Heute möchte ich euch das spannende Follow-up dieser Geschichte präsentieren. Nachdem die Planung bis ins Detail erfolgt war, konnte der Workshop endlich starten und ich wurde erneut um wertvolle Erfahrungen reicher: Diesmal in Bezug auf die Moderation. Genau darum wird es in diesem Beitrag gehen: Erfahrungen, Learnings, persönliche High- und Lowlights, die ich bei der Moderation von Workshops und bei meiner Arbeit als Scrum Master in den Teams gewonnen habe und die ich mit euch teilen möchte. 

Im Laufe des Beitrags werde ich auch auf einige Bücher eingehen, die mir bei meiner Arbeit als Scrum Master und als Moderator sehr geholfen haben. Die genauen Angaben habe ich für euch als Literaturverzeichnis und Linkliste am Ende zusammengestellt.

Es handelte sich um einen „verpflichtenden” Workshop.
Oder wie ich sagen würde: Echt miese Voraussetzungen zum Entfesseln von Kreativität.

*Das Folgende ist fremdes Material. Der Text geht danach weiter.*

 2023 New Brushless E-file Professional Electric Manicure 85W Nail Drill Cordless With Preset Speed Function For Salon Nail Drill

Ein Workshop, bei dem ich als Moderator besonders viel lernen konnte, trug den wundervollen Titel „Kreativität entfesseln: Ideen für die Zukunft“ und war auf die Anregung der Zusammenarbeit unterschiedlicher Teams ausgerichtet. Denn hier hatte man Verbesserungspotentiale erkannt. Wie? Ich weiß es nicht. Wer? Das „Squad Management”, wie sich dieses für mich etwas verwirrende Komitee bei dem damaligen Kunden nannte. Ich hatte die unfassbare Ehre, als Scrum Master und Moderator die Verantwortung für die Veranstaltung zu übernehmen. Als die Teilnehmenden den Raum betraten, konnte ich ihre Vorfreude förmlich spüren. Immerhin war es ein „verpflichtender” Workshop. Oder wie ich sagen würde: Echt miese Voraussetzungen zum Entfesseln von Kreativität.

Naja, so ist das eben: Unsere Arbeit findet manchmal unter besseren Voraussetzungen statt, und manchmal eben unter weniger herausragenden. Also, wie habe ich die Teilnehmenden und mich durch diesen Workshop „unter erschwerten Bedingungen” moderiert?

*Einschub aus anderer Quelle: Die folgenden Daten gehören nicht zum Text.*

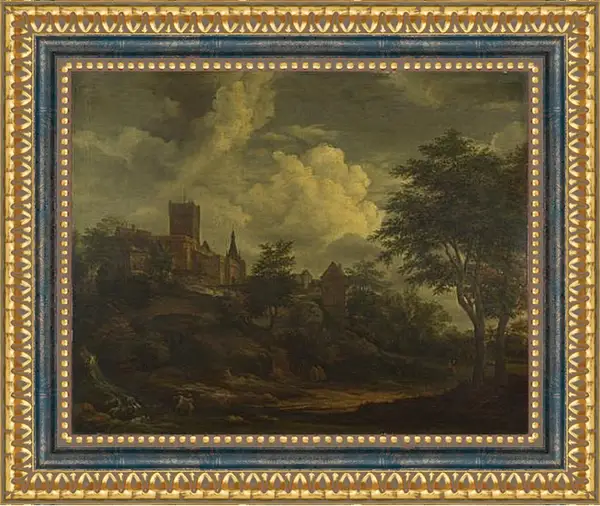 Картина в раме - A Castle on a Hill by a River. Якоб ван Рейсдал Картина в раме - A Castle on a Hill by a River. Якоб ван Рейсдал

Einstieg in den Workshop: Warum? Und wie?

Zuerst mal, um eine offene und kreative Atmosphäre zu schaffen, entschied ich mich für eine Mischung aus strukturierter und kreativer Moderation. Dies bezeichne ich gerne als Grundhaltung in der Moderation, auch wenn es eher Vorgehensweisen sind. Diese beiden z.B. basieren auf wissenschaftlichen Erkenntnissen zu effektiven Moderationstechniken. Laut  „The Art of Thinking Clearly“ von Rolf Dobelli führt eine klare Strukturierung zu besseren Ergebnissen und einer höheren Zufriedenheit der Teilnehmenden. 

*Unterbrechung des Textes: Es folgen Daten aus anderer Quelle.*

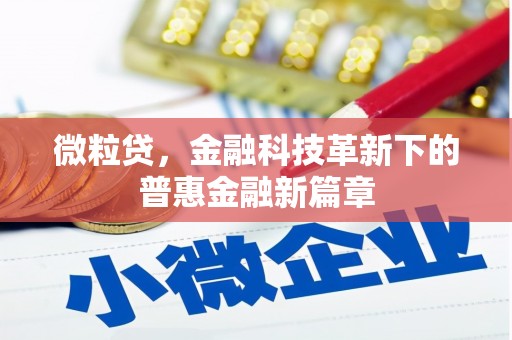 丹徒微粒贷，金融科技革新下的普惠金融新篇章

Gleichzeitig unterstützt die Förderung von Kreativität und innovativem Denken, wie Joachim Freimuth in „Handbuch Moderation: Konzepte, Anwendungen und Entwicklungen (Innovatives Management)“ beschreibt, die Generierung von neuen und innovativen Ideen. 

Vorgehen bei der Auswahl der Moderationstechnik (Grafik: S. Ohnmacht).

Wir begannen mit einer kurzen Einführungsrunde, bei der jeder Teilnehmende sich und seine Erwartungen vorstellte. Dieser einfache Akt des Kennenlernens und des Erwartungsabgleichs ist zumindest laut  „Facilitator’s Guide to Participatory Decision Making“ von Sam Kaner ein wichtiger Schritt, um Vertrauen und Offenheit in einer Gruppe zu fördern.

Danach leitete ich die Gruppe in eine „Icebreaker-Aktivität” ein. Wir spielten das „Zukunfts-ABC-Spiel“, bei dem jeder Buchstabe des Alphabets mit einer Idee für die Zukunft verbunden werden muss. Diese spielerische Methode basiert auf der Theorie des assoziativen Denkens, welche besonders durch die Arbeit von Hermann Ebbinghaus geprägt wurde. Indem wir uns auf unkonventionelle Verbindungen zwischen Buchstaben und Ideen konzentrierten, wurden neue Denkweisen und Perspektiven angeregt.

Gesprächsraum schaffen für alle!

Nachdem die Stimmung aufgelockert war, war es Zeit, in die eigentlichen Diskussionen einzusteigen. Ich verwendete eine strukturierte Moderation, nämlich 1-2-4-All von den „Liberating Structures”, um sicherzustellen, dass jeder Teilnehmende die Möglichkeit hat, eigene Ideen einzubringen. Diese Methode stellt klare Regeln und Abläufe für den Diskussionsprozess auf, welche diesen lenken und die Chancengleichheit für alle Teilnehmenden gewährleisten. Ich glaube tatsächlich, wer häufiger mal moderiert und Liberating Structures noch nicht kennt, sollte sich „The Surprising Power of Liberating Structures” durchlesen. Wer das Buch bereits kennt, allerdings die Liberating-Structures-App noch nicht auf seinem Smartphone hat, sollte sich, wie ich finde, zulegen. Sie ist wirklich häufiger hilfreich, als man denkt.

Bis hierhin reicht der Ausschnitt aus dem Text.